The regional Stoxx Europe 600 added 0.5 per cent, taking its gains for 2023 to 6 per cent, while London’s FTSE 100 rose 0.2 per cent, close to an all-time high. US markets are closed for the Martin Luther King Jr holiday, after Wall Street’s blue-chip S&P 500 notched its largest weekly gain in two months on Friday.
European stocks in particular have benefited from signs of slowing price growth: the roughly 19 per cent outperformance of the MSCI Europe index relative to the MSCI US index in dollar terms over the past 90 days marks the highest return in more than 30 years, according to analysts at Morgan Stanley.
“This does not necessarily signal the start of a multi-year period of European outperformance,” the US bank said in a note, “however, we think there is a good chance that it marks the end of Europe’s persistent, structural underperformance post the [great financial crisis]”.
The moves come as US inflation fell to its lowest level in more than a year in December, while consumer prices in the eurozone rose at an annual rate of 9.2 per cent, down from 10.1 per cent in November.

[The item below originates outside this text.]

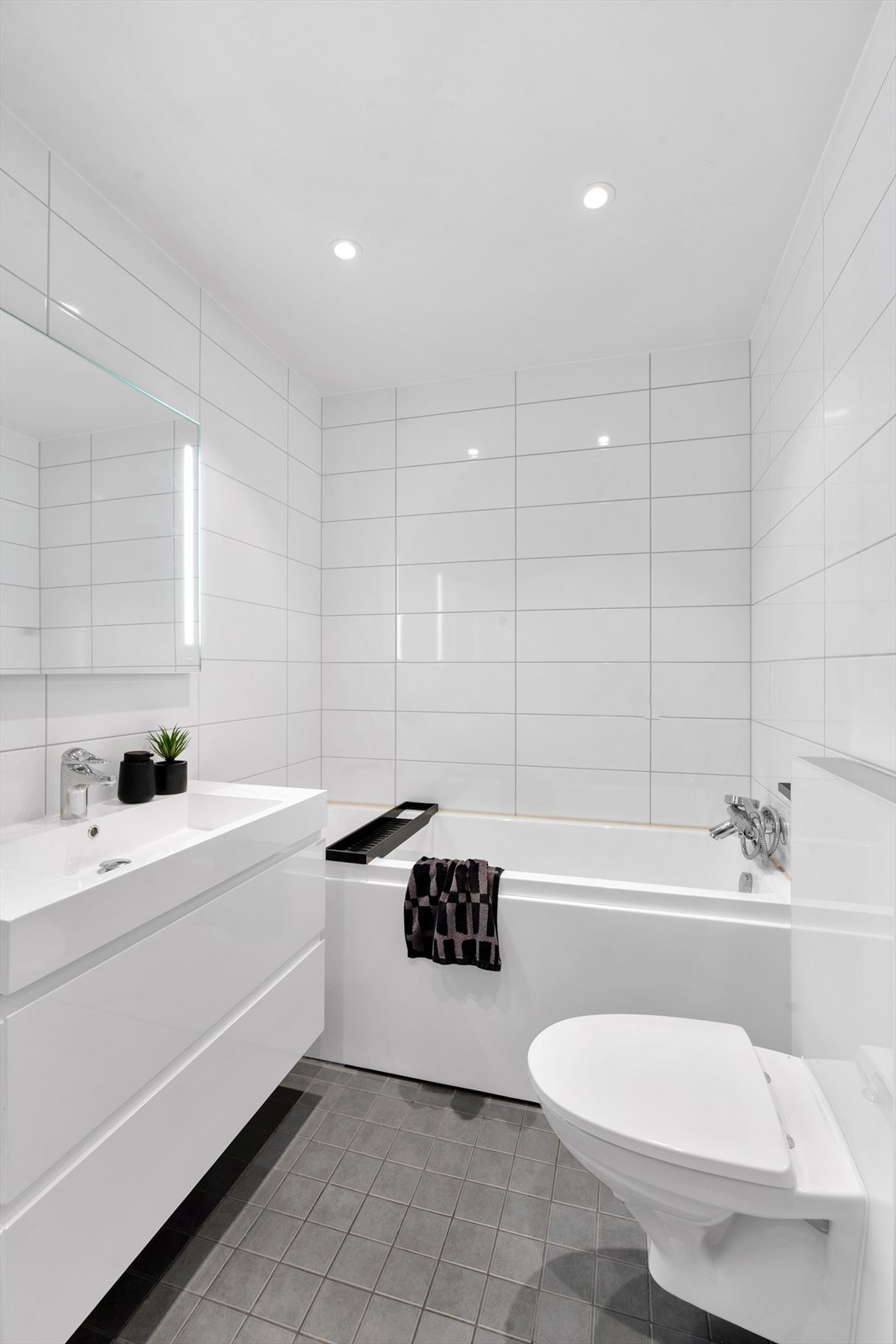 Gjennomtenkt innredning med smart og romslig oppbevaring. Galleribilde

Even so, officials at the US Federal Reserve and European Central Bank argue that core inflation, which strips out volatile food and energy prices, remains too high to justify cutting interest rates at any time soon.

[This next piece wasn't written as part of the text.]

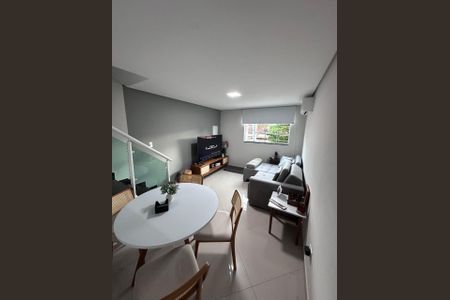 Sala de casa de condomínio à venda com 2 quartos, 135m² em Campestre, Santo André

Some investors are unconvinced. “Depending on January and February employment, the 25 basis point hike at this month-end may be the last hike,” said Steven Blitz, chief US economist at TS Lombard. “Look for rate cuts to begin by mid-year.”

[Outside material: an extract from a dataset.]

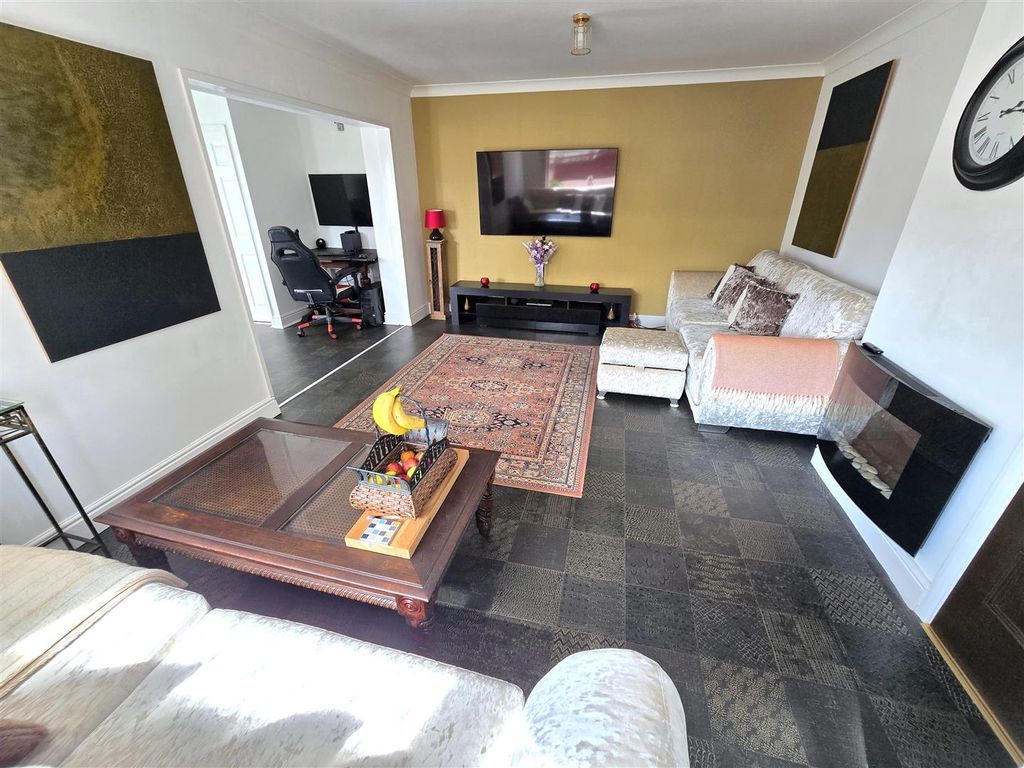 Property photo 2 of 16 Lounge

Rates markets are now pricing a 90 per cent chance that the Fed will lift rates by a quarter of a percentage point when it meets at the beginning of February, down from a 0.5 percentage point rise in December and four 0.75 percentage point moves at the preceding meetings.
A measure of the dollar’s strength against a basket of six currencies rose 0.1 per cent on Monday, though it has slipped about 8.6 per cent in the past three months as the pace of interest rate rises has slowed.
The euro traded flat against the dollar at $1.082, having strengthened 10.1 per cent over the past three months. The yen hit 128.63 against the dollar, close to its highest level in more than seven months, as investors looked ahead to a potentially pivotal Bank of Japan meeting later this week — the last under long-serving governor Haruhiko Kuroda.
In Asia, Hong Kong’s Hang Seng index traded flat, though it has risen 8 per cent so far this year. China’s CSI 300 index of Shanghai- and Shenzhen-listed shares rose 1.5 per cent, taking its January gain to 6.4 per cent. China’s National Bureau of Statistics will on Tuesday release what is likely to be its third consecutive disappointing estimate for quarterly expansion.
In commodity markets, European natural gas prices continued to slide on a warmer than expected winter. Dutch TTF gas futures for the coming month dropped as much as 15.1 per cent to €54.85 per megawatt hour — its lowest level since September 2021, according to data from Refinitiv.